### Prompt
The line that contains "19821 75th Avenue NE Kenmore WA 98028" marks the end: retype the data below exactly from its first line through that line.
# # # # # # #
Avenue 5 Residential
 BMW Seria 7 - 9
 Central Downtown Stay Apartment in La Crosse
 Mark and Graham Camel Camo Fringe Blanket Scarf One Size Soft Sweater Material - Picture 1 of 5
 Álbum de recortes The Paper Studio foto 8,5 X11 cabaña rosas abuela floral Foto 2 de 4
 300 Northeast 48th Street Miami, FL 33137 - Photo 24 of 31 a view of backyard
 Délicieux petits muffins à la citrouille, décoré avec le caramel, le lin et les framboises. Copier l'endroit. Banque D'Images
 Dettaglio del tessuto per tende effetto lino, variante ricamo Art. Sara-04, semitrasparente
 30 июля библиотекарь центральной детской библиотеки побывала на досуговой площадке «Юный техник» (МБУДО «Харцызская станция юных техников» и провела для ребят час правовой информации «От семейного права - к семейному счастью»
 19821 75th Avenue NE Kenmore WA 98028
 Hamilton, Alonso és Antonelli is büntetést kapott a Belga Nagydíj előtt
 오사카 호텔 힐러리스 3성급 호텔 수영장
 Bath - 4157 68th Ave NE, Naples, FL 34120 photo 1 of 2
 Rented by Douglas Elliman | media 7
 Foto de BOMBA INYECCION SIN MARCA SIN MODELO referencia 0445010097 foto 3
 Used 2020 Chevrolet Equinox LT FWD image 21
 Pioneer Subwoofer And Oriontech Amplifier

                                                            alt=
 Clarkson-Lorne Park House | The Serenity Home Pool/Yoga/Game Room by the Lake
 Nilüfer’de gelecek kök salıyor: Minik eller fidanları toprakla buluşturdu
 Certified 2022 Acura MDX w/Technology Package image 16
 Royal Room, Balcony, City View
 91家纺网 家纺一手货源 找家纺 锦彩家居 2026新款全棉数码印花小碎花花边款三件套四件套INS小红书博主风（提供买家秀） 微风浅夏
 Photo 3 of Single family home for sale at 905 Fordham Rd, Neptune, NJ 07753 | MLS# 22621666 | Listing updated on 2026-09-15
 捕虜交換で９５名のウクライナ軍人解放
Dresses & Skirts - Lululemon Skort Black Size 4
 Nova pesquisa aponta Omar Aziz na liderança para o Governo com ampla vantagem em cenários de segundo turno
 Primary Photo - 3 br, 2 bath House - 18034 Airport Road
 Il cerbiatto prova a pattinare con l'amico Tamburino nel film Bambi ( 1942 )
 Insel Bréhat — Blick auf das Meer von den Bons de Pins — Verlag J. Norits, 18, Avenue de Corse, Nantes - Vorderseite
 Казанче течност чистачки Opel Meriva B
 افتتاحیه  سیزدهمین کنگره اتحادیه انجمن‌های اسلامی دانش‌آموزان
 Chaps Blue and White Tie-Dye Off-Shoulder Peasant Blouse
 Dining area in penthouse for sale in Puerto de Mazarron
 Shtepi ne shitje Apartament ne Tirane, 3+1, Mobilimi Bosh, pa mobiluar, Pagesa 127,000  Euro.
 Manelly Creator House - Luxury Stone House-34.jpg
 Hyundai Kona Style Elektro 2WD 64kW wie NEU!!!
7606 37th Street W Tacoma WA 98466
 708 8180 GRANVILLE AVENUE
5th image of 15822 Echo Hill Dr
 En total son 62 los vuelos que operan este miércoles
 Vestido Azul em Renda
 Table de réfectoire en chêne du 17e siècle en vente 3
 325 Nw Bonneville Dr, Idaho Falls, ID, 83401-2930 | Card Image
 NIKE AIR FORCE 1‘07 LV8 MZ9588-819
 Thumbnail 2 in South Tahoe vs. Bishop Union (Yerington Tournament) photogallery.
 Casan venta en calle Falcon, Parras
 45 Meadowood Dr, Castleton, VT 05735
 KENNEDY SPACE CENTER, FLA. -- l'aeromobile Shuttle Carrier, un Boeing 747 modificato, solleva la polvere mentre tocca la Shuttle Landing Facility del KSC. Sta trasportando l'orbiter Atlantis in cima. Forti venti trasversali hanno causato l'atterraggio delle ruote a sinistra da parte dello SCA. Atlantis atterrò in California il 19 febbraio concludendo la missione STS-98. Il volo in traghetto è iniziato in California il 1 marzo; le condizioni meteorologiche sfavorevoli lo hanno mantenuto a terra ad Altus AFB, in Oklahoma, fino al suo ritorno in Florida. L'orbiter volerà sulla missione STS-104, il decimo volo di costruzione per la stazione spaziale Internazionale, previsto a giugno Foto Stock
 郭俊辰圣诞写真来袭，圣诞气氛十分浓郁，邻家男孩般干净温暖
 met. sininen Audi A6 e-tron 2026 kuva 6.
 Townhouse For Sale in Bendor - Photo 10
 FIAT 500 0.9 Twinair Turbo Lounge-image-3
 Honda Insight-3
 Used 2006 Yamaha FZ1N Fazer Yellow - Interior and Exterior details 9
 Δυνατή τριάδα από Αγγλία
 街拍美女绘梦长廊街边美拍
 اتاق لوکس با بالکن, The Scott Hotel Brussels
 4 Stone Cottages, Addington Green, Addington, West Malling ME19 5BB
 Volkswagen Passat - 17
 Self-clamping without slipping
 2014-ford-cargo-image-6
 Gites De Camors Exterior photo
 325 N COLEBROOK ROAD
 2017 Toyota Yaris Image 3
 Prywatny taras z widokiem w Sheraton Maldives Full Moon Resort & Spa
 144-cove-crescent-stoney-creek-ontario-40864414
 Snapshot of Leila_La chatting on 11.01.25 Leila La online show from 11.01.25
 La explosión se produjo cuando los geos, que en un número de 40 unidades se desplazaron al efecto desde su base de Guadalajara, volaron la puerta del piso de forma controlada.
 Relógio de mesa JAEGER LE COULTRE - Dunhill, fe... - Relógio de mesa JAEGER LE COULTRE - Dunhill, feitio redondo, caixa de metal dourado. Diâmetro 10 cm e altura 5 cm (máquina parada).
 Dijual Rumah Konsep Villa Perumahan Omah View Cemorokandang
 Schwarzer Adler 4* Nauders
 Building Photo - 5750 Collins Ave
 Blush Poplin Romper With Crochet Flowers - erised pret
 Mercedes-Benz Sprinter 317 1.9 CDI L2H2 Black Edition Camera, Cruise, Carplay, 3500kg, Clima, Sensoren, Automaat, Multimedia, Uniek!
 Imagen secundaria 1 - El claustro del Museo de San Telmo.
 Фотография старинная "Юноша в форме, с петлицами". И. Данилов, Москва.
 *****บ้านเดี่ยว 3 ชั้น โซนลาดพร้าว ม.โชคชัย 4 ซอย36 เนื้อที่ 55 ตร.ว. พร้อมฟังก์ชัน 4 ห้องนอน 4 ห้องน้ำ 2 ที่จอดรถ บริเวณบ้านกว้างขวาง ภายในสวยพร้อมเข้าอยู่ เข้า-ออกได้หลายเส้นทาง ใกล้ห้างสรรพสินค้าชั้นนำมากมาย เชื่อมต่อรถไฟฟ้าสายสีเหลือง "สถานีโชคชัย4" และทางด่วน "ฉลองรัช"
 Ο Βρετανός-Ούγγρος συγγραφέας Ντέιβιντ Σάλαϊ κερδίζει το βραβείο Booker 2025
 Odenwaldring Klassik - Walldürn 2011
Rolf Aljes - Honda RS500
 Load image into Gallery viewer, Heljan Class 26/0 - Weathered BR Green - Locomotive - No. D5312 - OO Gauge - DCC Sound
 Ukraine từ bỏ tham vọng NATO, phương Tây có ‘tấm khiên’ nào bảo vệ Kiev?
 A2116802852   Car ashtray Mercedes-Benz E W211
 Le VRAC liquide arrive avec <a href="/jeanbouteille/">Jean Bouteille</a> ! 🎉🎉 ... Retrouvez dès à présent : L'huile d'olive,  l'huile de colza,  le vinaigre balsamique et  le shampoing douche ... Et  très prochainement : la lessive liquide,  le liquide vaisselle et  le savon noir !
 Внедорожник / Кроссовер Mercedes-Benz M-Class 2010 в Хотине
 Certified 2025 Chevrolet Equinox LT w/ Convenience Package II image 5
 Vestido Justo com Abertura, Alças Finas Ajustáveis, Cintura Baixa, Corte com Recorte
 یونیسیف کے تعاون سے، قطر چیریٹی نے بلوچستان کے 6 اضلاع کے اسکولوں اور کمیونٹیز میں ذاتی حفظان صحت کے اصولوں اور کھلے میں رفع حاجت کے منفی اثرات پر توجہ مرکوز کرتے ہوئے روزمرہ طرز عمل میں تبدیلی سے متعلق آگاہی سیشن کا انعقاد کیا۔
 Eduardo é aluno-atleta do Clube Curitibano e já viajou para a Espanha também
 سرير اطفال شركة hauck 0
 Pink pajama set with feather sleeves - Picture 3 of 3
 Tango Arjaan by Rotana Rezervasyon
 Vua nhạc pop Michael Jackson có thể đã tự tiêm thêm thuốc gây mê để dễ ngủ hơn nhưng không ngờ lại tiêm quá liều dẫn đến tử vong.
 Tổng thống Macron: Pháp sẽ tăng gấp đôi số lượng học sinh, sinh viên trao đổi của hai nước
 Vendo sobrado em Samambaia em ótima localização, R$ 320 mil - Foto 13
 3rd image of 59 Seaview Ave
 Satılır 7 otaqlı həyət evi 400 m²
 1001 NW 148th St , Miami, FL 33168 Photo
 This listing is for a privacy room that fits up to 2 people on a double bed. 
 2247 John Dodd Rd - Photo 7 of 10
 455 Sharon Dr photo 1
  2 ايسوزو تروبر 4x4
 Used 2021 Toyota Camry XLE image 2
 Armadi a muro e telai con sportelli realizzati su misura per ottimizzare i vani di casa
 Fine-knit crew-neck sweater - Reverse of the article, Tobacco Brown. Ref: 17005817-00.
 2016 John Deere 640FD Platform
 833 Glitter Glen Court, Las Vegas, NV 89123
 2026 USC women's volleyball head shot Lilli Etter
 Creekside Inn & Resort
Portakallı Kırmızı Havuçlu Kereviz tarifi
# # # # # # #
### Exercise output
Avenue 5 Residential
 BMW Seria 7 - 9
 Central Downtown Stay Apartment in La Crosse
 Mark and Graham Camel Camo Fringe Blanket Scarf One Size Soft Sweater Material - Picture 1 of 5
 Álbum de recortes The Paper Studio foto 8,5 X11 cabaña rosas abuela floral Foto 2 de 4
 300 Northeast 48th Street Miami, FL 33137 - Photo 24 of 31 a view of backyard
 Délicieux petits muffins à la citrouille, décoré avec le caramel, le lin et les framboises. Copier l'endroit. Banque D'Images
 Dettaglio del tessuto per tende effetto lino, variante ricamo Art. Sara-04, semitrasparente
 30 июля библиотекарь центральной детской библиотеки побывала на досуговой площадке «Юный техник» (МБУДО «Харцызская станция юных техников» и провела для ребят час правовой информации «От семейного права - к семейному счастью»
 19821 75th Avenue NE Kenmore WA 98028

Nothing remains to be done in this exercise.